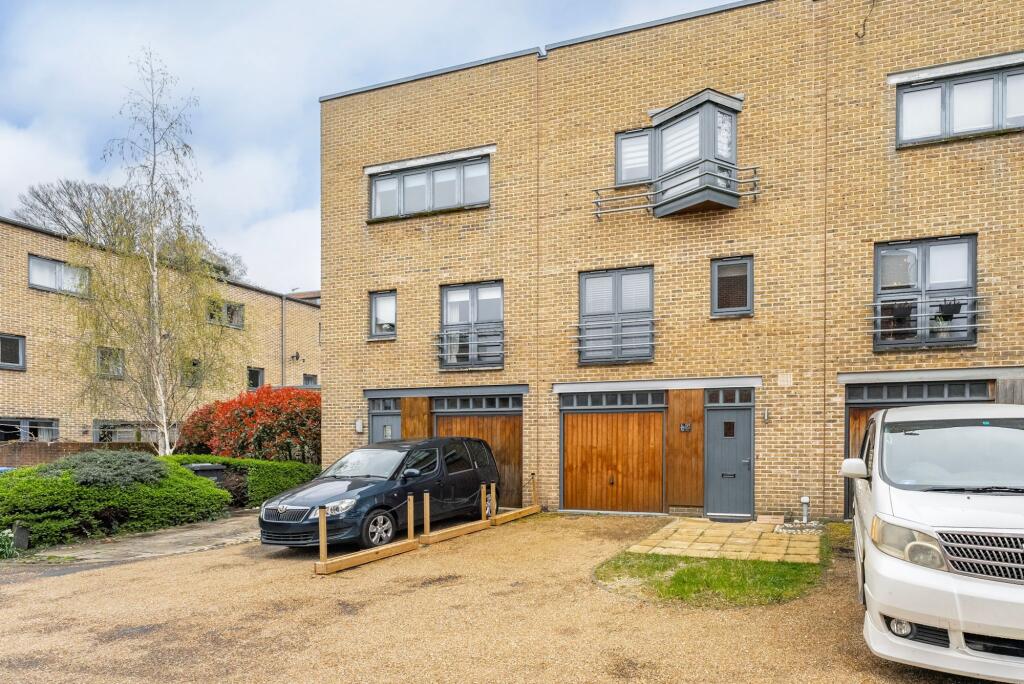 4 bed Town House for rent in Norwich. From Minors & Brady - Unthank Road - Norwich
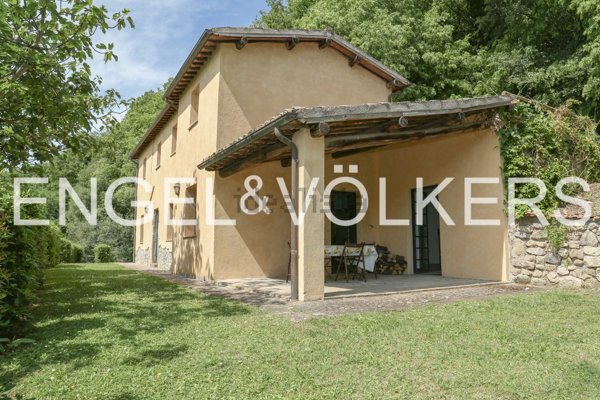 casa indipendente in vendita a Castiglione in Teverina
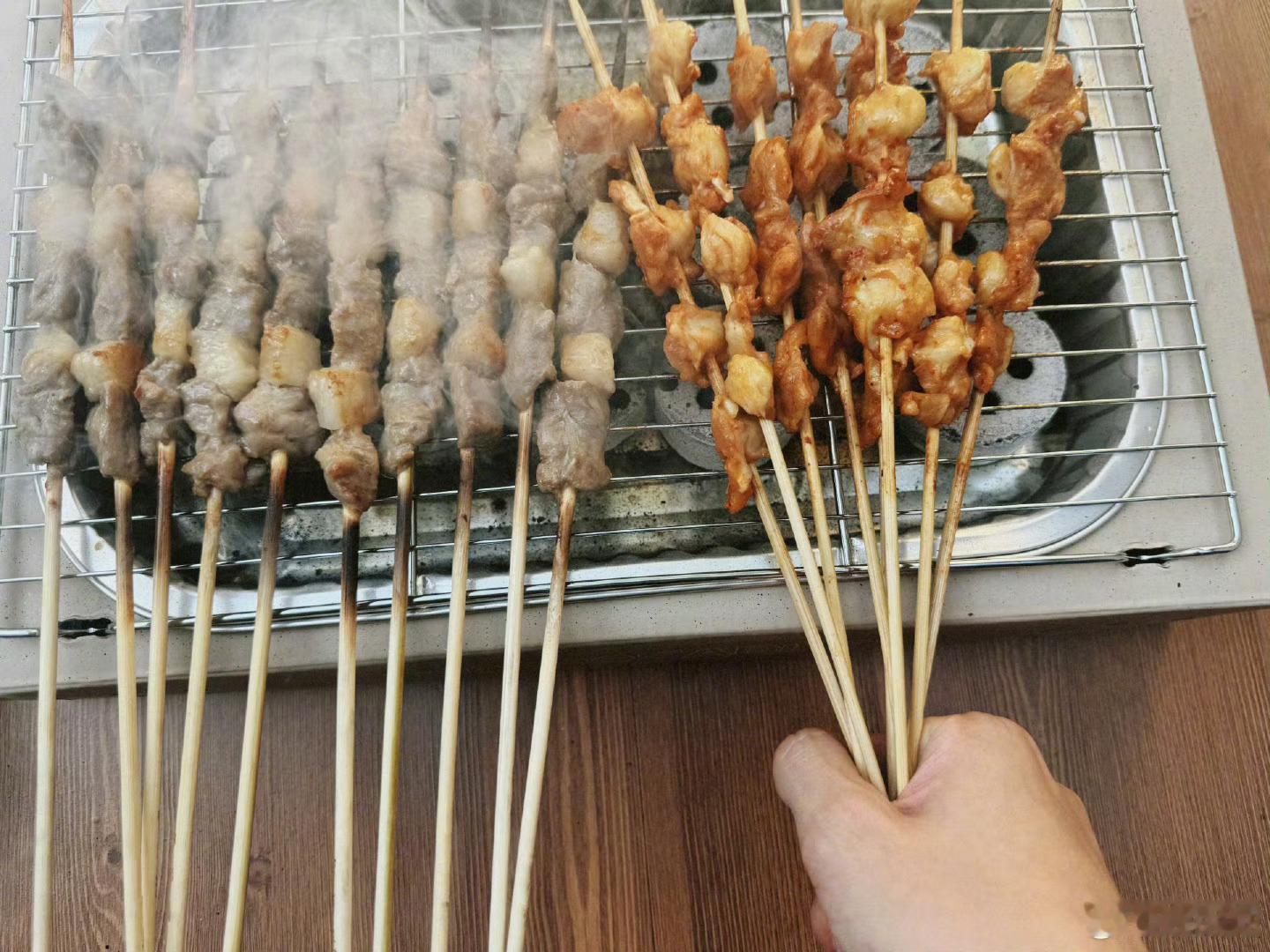 #魏大勋烧烤了#​#魏大勋烤串#魏大勋烧烤了，好想吃 ​​​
·····
## [DIRECTIONS FOR THIS TASK]
No pictures go in the copy. Output exactly the lines from the line containing "casa indipendente in" through the end of the listing above.

## [RESPONSE BELOW]
 casa indipendente in vendita a Castiglione in Teverina
 #魏大勋烧烤了#​#魏大勋烤串#魏大勋烧烤了，好想吃 ​​​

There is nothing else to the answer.